[Data for this exercise]
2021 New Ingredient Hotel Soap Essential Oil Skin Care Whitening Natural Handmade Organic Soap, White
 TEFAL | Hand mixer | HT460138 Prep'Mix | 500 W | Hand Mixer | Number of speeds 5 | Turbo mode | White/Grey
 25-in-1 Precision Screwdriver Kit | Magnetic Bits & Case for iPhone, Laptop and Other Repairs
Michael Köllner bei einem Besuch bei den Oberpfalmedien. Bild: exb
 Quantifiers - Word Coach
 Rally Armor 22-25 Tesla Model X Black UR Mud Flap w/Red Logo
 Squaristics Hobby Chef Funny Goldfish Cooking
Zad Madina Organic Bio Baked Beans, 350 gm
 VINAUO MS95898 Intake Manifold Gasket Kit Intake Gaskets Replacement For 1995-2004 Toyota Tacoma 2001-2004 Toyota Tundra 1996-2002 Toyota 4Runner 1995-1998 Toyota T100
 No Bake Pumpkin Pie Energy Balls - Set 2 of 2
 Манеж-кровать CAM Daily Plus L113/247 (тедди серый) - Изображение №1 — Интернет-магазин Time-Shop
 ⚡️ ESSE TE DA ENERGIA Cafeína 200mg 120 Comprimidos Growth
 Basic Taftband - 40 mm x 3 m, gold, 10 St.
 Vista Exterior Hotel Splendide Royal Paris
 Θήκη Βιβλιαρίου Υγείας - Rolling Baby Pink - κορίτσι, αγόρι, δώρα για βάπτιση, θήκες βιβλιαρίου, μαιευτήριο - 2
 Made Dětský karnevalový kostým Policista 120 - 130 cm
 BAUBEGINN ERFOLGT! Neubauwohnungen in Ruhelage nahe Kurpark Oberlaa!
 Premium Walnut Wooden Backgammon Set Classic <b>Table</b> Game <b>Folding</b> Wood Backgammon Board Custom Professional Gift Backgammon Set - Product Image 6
[/Data for this exercise]
Problem:
Make an exact copy of the listing, including every line.

Reply:
2021 New Ingredient Hotel Soap Essential Oil Skin Care Whitening Natural Handmade Organic Soap, White
 TEFAL | Hand mixer | HT460138 Prep'Mix | 500 W | Hand Mixer | Number of speeds 5 | Turbo mode | White/Grey
 25-in-1 Precision Screwdriver Kit | Magnetic Bits & Case for iPhone, Laptop and Other Repairs
Michael Köllner bei einem Besuch bei den Oberpfalmedien. Bild: exb
 Quantifiers - Word Coach
 Rally Armor 22-25 Tesla Model X Black UR Mud Flap w/Red Logo
 Squaristics Hobby Chef Funny Goldfish Cooking
Zad Madina Organic Bio Baked Beans, 350 gm
 VINAUO MS95898 Intake Manifold Gasket Kit Intake Gaskets Replacement For 1995-2004 Toyota Tacoma 2001-2004 Toyota Tundra 1996-2002 Toyota 4Runner 1995-1998 Toyota T100
 No Bake Pumpkin Pie Energy Balls - Set 2 of 2
 Манеж-кровать CAM Daily Plus L113/247 (тедди серый) - Изображение №1 — Интернет-магазин Time-Shop
 ⚡️ ESSE TE DA ENERGIA Cafeína 200mg 120 Comprimidos Growth
 Basic Taftband - 40 mm x 3 m, gold, 10 St.
 Vista Exterior Hotel Splendide Royal Paris
 Θήκη Βιβλιαρίου Υγείας - Rolling Baby Pink - κορίτσι, αγόρι, δώρα για βάπτιση, θήκες βιβλιαρίου, μαιευτήριο - 2
 Made Dětský karnevalový kostým Policista 120 - 130 cm
 BAUBEGINN ERFOLGT! Neubauwohnungen in Ruhelage nahe Kurpark Oberlaa!
 Premium Walnut Wooden Backgammon Set Classic <b>Table</b> Game <b>Folding</b> Wood Backgammon Board Custom Professional Gift Backgammon Set - Product Image 6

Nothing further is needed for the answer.